Leader «rassembleur» au «parcours impeccable». Le ministre de la Sécurité publique, Stéphane Bergeron, n'a pas lésiné sur les hommages en décrivant le parcours de Mario Laprise, ce policier un peu hors norme qui dirigera désormais la Sûreté du Québec (SQ).

Denis Lessard et Fabrice De Pierrebourg LA PRESSE

Quelques jours après son arrivée, la Sûreté du Québec accroît son emprise sur l'Unité permanente anticorruption (UPAC). Ancien chef d'orchestre à Carcajou, escouade d'élite mobilisée contre les motards, Laprise nomme à l'Unité un de ses compagnons d'armes de l'époque, l'inspecteur Louis Vincent, qui prendra la relève de Gilles Martin comme responsable des opérations. Au fil des ans, M. Martin, ancien policier, était vu comme un fonctionnaire, tout comme son patron, Robert Lafrenière. Une des sources des problèmes de Richard Deschesnes, mis sur la touche avant la fin de son mandat, a trouvé une solution hier.

Bien que l'ancien policier Robert Poëti ait soutenu que M. Laprise, «homme compétent», était sympathique au Parti québécois, le nouveau patron n'a pas de couleur politique. Il est clair, toutefois, qu'il a obtenu ses promotions quand le gouvernement était péquiste. Il était notamment dans les bonnes grâces du regretté Guy Coulombe, mandarin-bulldozer, civil nommé par le gouvernement Bouchard pour remettre de l'ordre après le bref séjour de Serge Barbeau. Depuis sept ans, à la retraite de la SQ, M. Laprise était responsable de la sécurité à Hydro-Québec. Il avait la responsabilité de 500 enquêteurs et surveillants et profitait d'un bien meilleur salaire que celui de patron de la police. Étonnamment, M. Laprise a un point en commun avec le patron de l'UPAC, Robert Lafrenière: les deux ne feront pas de cadeaux à Jacques Duchesneau, député caquiste et ex-patron des policiers de Montréal. M. Duchesneau convoitait le poste de M. Lafrenière. Avec Laprise, les tensions sont plus anciennes. Dans les années 90, quand ce dernier était patron de l'escouade mixte Carcajou, M. Duchesneau avait retiré avec fracas ses enquêteurs de l'escouade pour avoir plus de contrôle sur les opérations.

Rapport Poitras

En janvier 1999, le rapport Poitras a porté un dur jugement sur le travail du policier Mario Laprise. Rappelons que la Commission devait mettre en lumière le travail des policiers dans une enquête interne dans la foulée de l'affaire Matticks. Un juge avait conclu que des policiers avaient intentionnellement fabriqué de la preuve pour incriminer la famille Matticks.
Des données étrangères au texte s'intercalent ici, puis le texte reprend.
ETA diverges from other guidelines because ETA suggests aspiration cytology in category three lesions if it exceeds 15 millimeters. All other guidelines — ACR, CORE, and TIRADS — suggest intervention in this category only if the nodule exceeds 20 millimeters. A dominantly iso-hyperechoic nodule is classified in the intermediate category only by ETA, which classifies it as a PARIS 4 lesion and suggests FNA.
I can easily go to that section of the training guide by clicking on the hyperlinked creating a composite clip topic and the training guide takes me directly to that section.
Dans son rapport, la commission Poitras a souligné que M. Laprise, avec trois autres officiers, avait montré «un manque de collaboration et de transparence. Ils ont démontré de la méfiance et de la réticence à l'endroit des enquêteurs». «Comme ils se sont cabrés, il était prévisible que leurs subalternes fassent de même, et cette attitude et ce comportement sont d'autant plus inexcusables [...] qu'ils étaient impliqués au premier chef dans l'opération policière.»
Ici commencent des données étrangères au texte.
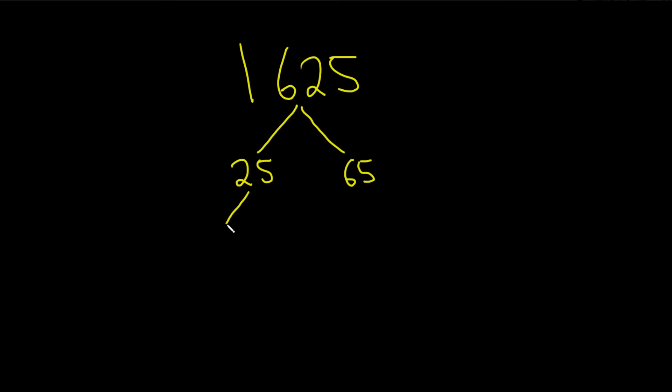25 factors further into 5 times 5. So you draw little lines like this, and 5 times 5 is 25. And then 65 should be 5 times 13.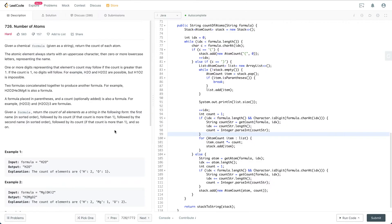Let's get started. Given the chemical formula, return the count of each item. An atomic element always starts with an uppercase character, then zero or more lowercase characters representing the name. One or more digits representing that element's count may follow if the count is greater than one — if the count is one, no digit follows. Two formulas concatenated together produce another formula, for example H2O2He3Mg4 is also a formula.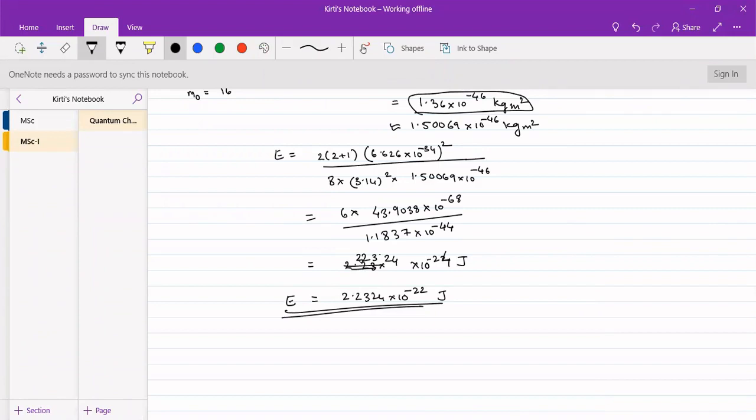In this way we can solve problems based on rotational quantum numbers and the rotational energy levels can be easily found.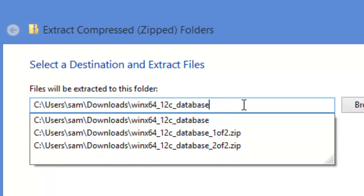The thing is, Oracle has divided the installation files into two compressed files. And when we extract those two files, we need to put them back into a same location. That's very important.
La Commission a aussi relevé que M. Laprise avait écrit le rapport de la Sûreté du Québec sur la lutte contre les motards remis en 1998 à la Sécurité publique. Or, il s'agissait «d'un plagiat au moins partiel» d'un rapport de la Communauté urbaine de Montréal, dirigée par Jacques Duchesneau. Les commissaires ont même constaté que ce rapport contenait surtout des remarques désobligeantes envers les autres corps de police qui participaient à Carcajou, «ou visant à mousser la contribution de la SQ à cette escouade».
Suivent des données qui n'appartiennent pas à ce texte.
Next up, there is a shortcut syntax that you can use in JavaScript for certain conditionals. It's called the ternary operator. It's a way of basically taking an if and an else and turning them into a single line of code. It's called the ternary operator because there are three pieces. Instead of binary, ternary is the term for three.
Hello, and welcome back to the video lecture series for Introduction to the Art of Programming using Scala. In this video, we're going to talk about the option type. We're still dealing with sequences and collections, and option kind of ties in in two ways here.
Relancé à ce sujet par La Presse cette semaine, le ministre Bergeron n'a pas bronché. Malgré ces constats, Mario Laprise a toujours obtenu des promotions, un gage de sa compétence, a-t-il résumé.

Précédemment, toutefois, une plainte en déontologie policière en mai 1993 avait empêché M. Laprise d'être promu, en février 1996. La plainte, soumise aux audiences de la commission Poitras, accusait Laprise de «ne pas s'être comporté à l'égard d'une citoyenne de manière à préserver la confiance et la considération que requiert sa fonction et d'avoir abusé de son autorité». La plaignante, employée civile de la SQ, soutenait avoir fait l'objet de remarques désobligeantes sur son orientation sexuelle présumée. La plainte avait été retirée, et Laprise avait pu être promu capitaine, en juin 1996.